PROBLEM REQUIREMENTS> From the line with "Bild 5: Hyundai i30 Kombi 1,6 CRDi GLS" to the final line of the data below, please write out every line exactly, with no pictures.

INFORMATION SHOWN>
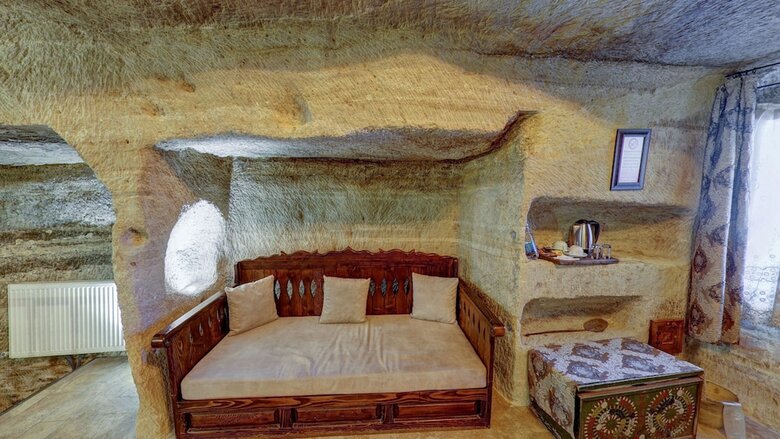 Hotel Chelebi Cave House
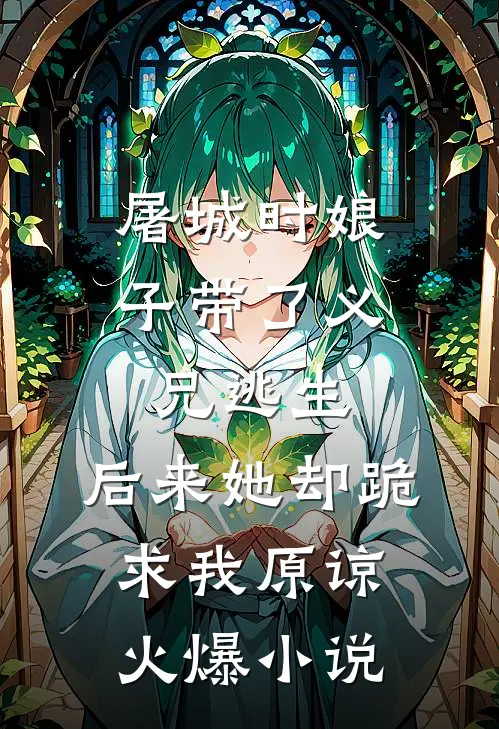 屠城时娘子带了义兄逃生，后来她却跪求我原谅火爆小说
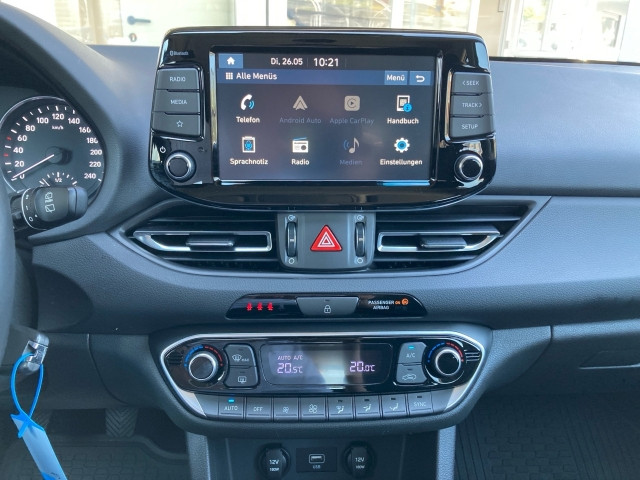 Bild 5: Hyundai i30 Kombi 1,6 CRDi GLS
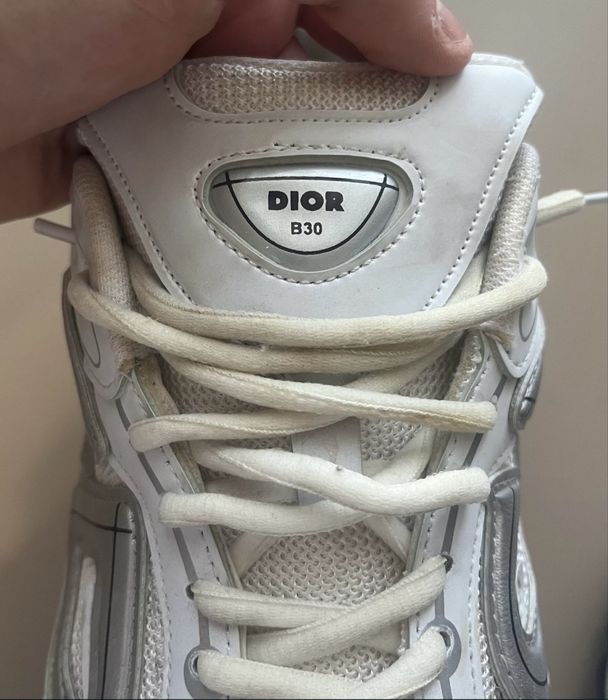 Pantofi Dior B30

PROBLEM SOLUTION>
 Bild 5: Hyundai i30 Kombi 1,6 CRDi GLS
 Pantofi Dior B30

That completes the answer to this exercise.